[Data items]
━━━━━━━━━━━━━━━━━━━━

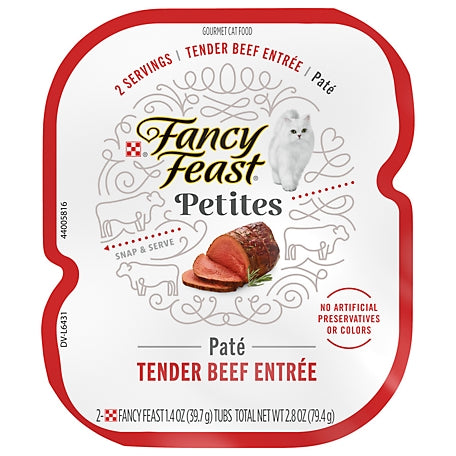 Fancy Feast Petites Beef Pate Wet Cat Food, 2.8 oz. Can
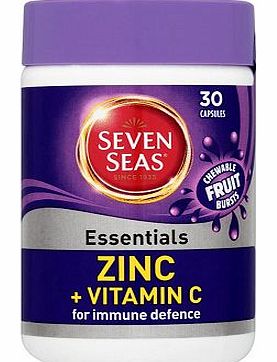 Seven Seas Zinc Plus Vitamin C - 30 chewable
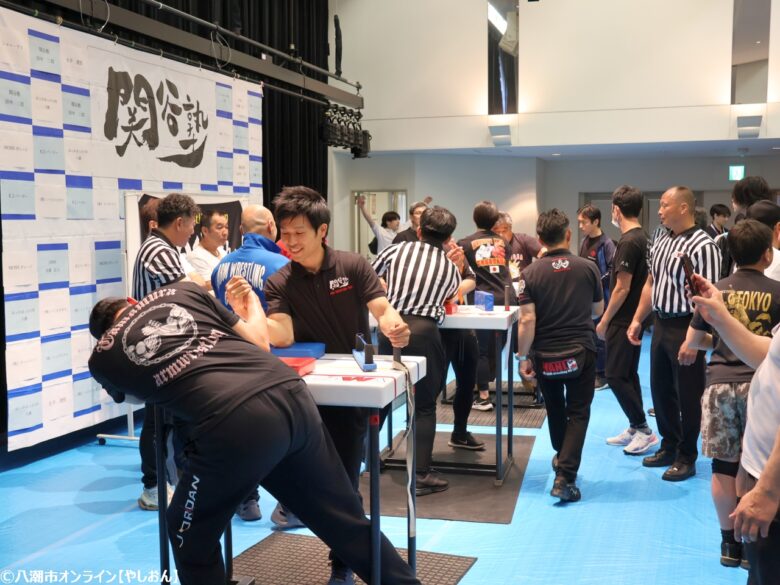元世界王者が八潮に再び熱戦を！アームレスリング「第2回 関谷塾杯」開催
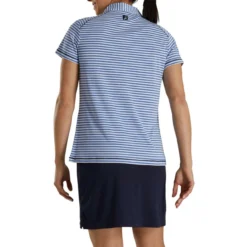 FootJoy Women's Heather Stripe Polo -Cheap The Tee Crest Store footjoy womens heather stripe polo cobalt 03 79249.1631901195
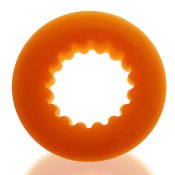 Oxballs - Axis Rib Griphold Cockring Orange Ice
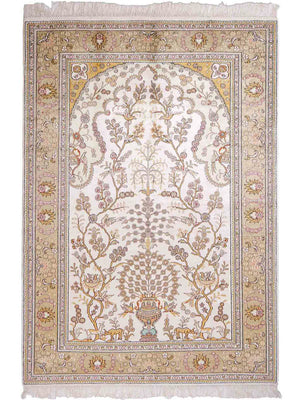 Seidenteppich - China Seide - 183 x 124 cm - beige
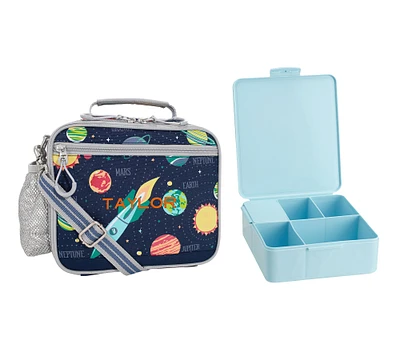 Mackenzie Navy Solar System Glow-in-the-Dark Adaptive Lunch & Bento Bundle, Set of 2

━━━━━━━━━━━━━━━━━━━━

== YOUR OBJECTIVE ==
Beginning with the line with "Oxballs - Axis", repeat the entries above exactly, up to and including the last line, leaving out pictures.

== TASK RESULT ==
 Oxballs - Axis Rib Griphold Cockring Orange Ice
 Seidenteppich - China Seide - 183 x 124 cm - beige
 Mackenzie Navy Solar System Glow-in-the-Dark Adaptive Lunch & Bento Bundle, Set of 2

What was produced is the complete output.